**Exercise details**
Compute how many lines in the data below contain "Road"; answer only with that number.
::: Supplied data
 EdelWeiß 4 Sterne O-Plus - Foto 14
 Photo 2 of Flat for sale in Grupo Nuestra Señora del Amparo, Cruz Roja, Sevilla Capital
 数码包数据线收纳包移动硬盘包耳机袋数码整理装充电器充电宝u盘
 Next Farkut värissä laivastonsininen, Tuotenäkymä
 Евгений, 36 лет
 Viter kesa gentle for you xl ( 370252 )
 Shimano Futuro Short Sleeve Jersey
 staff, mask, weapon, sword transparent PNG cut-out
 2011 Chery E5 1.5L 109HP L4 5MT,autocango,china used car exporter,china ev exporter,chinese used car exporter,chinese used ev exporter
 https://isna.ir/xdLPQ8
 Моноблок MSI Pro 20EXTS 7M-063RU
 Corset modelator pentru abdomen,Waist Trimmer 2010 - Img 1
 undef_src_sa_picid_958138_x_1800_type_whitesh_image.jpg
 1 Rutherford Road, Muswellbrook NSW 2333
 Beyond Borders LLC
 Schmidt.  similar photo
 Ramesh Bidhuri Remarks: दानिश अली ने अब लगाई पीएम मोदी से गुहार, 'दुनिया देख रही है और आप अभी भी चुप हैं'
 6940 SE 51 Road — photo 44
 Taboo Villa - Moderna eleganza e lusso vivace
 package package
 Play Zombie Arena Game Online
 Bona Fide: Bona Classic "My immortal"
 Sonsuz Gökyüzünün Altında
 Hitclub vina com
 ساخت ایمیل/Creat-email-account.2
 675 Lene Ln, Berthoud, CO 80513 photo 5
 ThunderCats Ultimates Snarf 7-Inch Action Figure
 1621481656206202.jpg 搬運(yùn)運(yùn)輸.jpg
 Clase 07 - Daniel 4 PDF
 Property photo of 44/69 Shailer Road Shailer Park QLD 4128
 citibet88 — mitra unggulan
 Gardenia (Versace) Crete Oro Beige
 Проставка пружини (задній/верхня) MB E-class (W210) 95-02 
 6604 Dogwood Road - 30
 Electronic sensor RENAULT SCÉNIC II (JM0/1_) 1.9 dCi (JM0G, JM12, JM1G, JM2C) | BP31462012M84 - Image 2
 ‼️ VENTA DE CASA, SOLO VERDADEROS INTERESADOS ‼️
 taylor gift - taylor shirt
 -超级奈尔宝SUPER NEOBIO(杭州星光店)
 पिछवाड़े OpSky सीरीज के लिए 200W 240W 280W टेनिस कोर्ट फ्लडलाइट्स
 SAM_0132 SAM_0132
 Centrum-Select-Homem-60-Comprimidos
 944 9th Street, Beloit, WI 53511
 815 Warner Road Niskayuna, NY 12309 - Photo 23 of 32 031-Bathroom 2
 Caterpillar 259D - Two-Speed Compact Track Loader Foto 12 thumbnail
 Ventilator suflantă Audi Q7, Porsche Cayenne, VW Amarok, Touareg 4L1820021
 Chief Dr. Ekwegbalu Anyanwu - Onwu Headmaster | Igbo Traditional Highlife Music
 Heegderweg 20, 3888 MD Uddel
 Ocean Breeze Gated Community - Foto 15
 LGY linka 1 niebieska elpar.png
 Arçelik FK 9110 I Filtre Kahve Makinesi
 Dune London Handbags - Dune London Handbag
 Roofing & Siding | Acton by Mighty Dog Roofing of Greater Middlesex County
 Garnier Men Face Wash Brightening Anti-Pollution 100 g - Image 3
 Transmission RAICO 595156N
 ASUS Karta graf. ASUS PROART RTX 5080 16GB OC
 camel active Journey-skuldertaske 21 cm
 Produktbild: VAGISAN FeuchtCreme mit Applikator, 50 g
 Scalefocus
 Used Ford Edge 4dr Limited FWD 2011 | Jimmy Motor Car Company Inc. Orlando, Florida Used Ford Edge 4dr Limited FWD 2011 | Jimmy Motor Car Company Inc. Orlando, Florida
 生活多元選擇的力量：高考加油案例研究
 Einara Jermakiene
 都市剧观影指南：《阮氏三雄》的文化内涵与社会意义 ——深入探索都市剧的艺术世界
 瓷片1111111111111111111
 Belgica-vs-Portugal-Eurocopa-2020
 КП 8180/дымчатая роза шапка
::::::
**Result of this task**
5